What gets us fixated on certain places? Why did a young photographer called Roger Mayne spend five years repeatedly photographing a single street in west London, visiting it 27 times and taking 1,400 photos?
Maybe it was the shock of the new: born in strait-laced Cambridge, Mayne was thrilled by the working-class kids of Southam Street in Ladbroke Grove. Maybe it was a sense of foreboding: as concrete estates wiped out the old terraces, Southam Street seemed like a place that would soon vanish. (It did, obliterated by the Trellick Tower in 1969.) Or was it something bigger and more transcendent? That’s the kind of question you’ll find yourself asking after stepping back in time at this new Mayne retrospective with Southam Street at its centre.

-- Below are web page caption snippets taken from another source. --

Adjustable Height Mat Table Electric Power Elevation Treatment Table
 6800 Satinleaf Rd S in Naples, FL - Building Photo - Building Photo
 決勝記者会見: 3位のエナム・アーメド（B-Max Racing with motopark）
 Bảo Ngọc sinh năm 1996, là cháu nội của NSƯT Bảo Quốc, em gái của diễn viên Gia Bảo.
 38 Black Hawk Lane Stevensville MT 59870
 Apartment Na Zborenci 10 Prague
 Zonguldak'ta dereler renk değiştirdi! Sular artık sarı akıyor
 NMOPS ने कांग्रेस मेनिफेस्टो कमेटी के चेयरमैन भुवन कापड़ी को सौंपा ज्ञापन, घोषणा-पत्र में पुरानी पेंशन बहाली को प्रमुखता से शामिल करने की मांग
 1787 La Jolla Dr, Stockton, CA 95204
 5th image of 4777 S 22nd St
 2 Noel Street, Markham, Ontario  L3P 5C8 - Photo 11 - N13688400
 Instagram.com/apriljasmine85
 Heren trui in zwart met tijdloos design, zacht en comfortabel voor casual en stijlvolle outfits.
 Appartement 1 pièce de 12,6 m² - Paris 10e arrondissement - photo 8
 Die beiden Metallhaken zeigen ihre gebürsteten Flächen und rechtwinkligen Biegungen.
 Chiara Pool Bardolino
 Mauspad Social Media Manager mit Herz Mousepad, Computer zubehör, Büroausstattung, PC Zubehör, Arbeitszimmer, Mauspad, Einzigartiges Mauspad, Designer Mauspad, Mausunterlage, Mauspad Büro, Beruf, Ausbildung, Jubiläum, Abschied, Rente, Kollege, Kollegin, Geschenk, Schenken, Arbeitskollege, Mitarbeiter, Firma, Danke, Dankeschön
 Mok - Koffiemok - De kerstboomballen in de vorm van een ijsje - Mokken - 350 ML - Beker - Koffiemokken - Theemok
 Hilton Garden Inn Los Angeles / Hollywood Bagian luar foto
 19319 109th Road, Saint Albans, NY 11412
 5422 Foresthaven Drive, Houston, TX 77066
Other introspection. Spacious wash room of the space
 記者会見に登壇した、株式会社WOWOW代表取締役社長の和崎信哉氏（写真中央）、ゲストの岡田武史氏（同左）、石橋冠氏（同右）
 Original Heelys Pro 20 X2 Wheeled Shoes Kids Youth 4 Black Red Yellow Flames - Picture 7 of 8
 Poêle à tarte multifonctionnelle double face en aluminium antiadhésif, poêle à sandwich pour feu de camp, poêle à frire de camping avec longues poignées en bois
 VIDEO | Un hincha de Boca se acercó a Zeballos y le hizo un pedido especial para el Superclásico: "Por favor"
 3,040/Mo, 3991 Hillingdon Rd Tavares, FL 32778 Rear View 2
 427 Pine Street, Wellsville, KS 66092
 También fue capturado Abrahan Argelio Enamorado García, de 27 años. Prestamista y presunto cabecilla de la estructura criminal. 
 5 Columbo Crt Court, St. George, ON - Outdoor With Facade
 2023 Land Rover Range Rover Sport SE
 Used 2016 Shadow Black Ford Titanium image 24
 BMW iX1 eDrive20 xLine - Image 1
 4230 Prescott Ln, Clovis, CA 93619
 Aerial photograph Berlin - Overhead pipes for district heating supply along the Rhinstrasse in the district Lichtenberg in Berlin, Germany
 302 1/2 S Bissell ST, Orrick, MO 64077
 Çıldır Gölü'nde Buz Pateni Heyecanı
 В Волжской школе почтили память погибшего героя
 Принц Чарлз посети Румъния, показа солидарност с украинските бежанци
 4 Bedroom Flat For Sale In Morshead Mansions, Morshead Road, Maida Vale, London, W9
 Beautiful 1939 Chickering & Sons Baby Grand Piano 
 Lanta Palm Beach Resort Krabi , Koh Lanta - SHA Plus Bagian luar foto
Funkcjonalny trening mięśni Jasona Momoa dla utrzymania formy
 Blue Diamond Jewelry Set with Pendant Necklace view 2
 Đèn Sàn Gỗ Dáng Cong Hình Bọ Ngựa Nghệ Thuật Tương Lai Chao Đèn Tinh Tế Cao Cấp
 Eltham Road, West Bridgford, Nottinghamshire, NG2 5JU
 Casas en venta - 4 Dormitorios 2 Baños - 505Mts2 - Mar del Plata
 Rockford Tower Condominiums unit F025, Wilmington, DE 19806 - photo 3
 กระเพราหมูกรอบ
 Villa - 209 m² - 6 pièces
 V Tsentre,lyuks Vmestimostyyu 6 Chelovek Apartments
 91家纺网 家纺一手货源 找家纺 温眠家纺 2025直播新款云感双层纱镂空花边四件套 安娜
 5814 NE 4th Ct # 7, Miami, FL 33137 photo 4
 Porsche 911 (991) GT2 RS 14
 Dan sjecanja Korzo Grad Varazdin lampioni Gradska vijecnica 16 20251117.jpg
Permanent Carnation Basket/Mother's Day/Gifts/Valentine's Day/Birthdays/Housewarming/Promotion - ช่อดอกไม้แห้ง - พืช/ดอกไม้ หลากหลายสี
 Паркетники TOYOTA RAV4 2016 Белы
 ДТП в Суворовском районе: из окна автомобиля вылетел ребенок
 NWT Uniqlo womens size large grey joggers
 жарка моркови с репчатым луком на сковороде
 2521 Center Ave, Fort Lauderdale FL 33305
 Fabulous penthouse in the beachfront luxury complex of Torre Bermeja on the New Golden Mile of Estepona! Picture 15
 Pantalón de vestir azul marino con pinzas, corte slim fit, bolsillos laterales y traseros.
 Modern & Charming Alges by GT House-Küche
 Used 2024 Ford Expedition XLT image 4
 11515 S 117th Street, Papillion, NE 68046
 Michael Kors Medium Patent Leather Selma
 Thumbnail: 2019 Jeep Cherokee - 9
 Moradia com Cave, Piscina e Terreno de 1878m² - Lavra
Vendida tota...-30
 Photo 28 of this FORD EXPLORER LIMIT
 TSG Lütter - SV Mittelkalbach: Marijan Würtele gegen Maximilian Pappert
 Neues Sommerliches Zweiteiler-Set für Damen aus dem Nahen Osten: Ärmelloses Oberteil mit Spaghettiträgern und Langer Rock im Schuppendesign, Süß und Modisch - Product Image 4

The Photographers’ Gallery exhibition charts Mayne’s travels across Britain, from bicycle factories in Nottingham and council estates in Sheffield to Brick Lane and Bermondsey. It also includes the first ever recreation of his photo installation ‘The British at Leisure’, commissioned for the Milan Triennale in 1964: five screens, 310 photo slides and a cool jazz soundtrack (nice).
‘These scenes from a lost city radiate history and absence’
But it was in the slums of North Kensington between 1956 and 1961 that Mayne (who died in 2014) found the perfect setting to produce what he called a ‘cinema of stills’: expressive, narrative, realist shots that helped to drag British documentary photography out of straight photojournalism.